(The data)

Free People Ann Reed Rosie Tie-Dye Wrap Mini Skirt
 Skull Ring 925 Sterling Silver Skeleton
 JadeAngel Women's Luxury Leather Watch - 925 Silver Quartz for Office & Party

(End The data)

Every line of the data above that includes "Silver" should be listed.

Written answer:
 Skull Ring 925 Sterling Silver Skeleton
 JadeAngel Women's Luxury Leather Watch - 925 Silver Quartz for Office & Party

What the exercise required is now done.